A recent topic of public debate has been the best way to promote employment: is it to increase the demand for labour or the labour supply? What if the best way to increase the supply would be to improve the market visibility of both jobs and employees?
Finland is full of unfulfilled work; the amount of latent jobs has been estimated to be as high as 360,000. At the same time, many people dream of finding a job – any job – a new job, or the job of their dreams. Too often, open vacancies remain unfilled, because not enough time or the correct measures have been allocated to finding the right person for the job.
In the housing market, transparency increased significantly with the improved advertising of the supply through property portals. Could improved advertising also increase the demand for labour? It may well be that advertising has been the deciding factor in many property sales: “Look, what a lovely terraced house. Maybe we should move?” Perhaps the same could be applied in the labour market: “See this guy here, Pena. He seems to have the kind of expertise that we need in our new unit.”
While technology has made the management and processing of information easier and cheaper than before, the competences and resources required at workplaces are often sought through invisible means using personal networks.
How could we improve the visibility of job opportunities? By creating an advanced marketplace for labour, where everyone’s competences are showcased in order to attract potential job offerings. The way to do this is by increasing the amount, quality and openness of information concerning everyone in the labour market, including the unemployed, active jobseekers and employed persons looking to “upgrade” their jobs.
Sharing employment details would benefit everyone
A new and advanced marketplace for labour would be in the best interest of individuals and society as a whole, increasing our economic and perceived well-being. Everyone in the marketplace would be advertised and showcased for the purpose of matching them with a job that is best suited to them.
Creating such a marketplace would require a national model that would encourage everyone to make their employment details publicly available. The enthusiasm with which Finns use social media to publish their personal information and thoughts for all the world to see suggests that throwing employment issues into the mix would not be a problem.
From the perspective of employers, the model has both challenges and opportunities: it would become more difficult to retain key experts, but also easier to find new, even better employees. There would be more competition for employees, which is ideal for improving governance and the management of human affairs in workplaces. Fairness would also increase and placement in the labour market would be less dependent on chance.
Interviews, tests and references will of course continue to be necessary in making the final decision to recruit, but more broad-based information of a higher standard would help get a better picture of what is on offer, trigger hidden needs and make the recruitment process easier.
How can such a system be created in practice? First of all, it will require an attitude adjustment and a general approval of the idea that improving information and increasing openness makes matching the labour supply with job opportunities more efficient.
Such a “resource cloud” could be founded on an entity implemented under the Ministry of Employment and the Economy’s digitisation project, a kind of “open marketplace for labour”. Its goal would be to improve the quality of information and its use by the labour administration from the inside. In an ideal scenario, the resource cloud would form a widespread and decentralised entity comprising various information sources, in which the labour supply would be effectively displayed.

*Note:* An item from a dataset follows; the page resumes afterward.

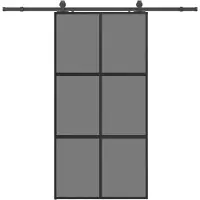 vidaXL Schuifdeur met beslag, zwart, 102,5x205 cm, veiligheidsglas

The digitisation project of the Ministry of Employment and the Economy is also creating a type of matching system to meet the labour administration’s needs, but which will hopefully also be introduced for wider use. The information sources could include the labour administration’s systems, information produced by individuals themselves, HR service companies, recruitment service companies, private employment agencies, social media, training providers and companies, and educational institutions. In other words, genuine Big Data. If implemented, the system would be based on obtaining the individual’s consent.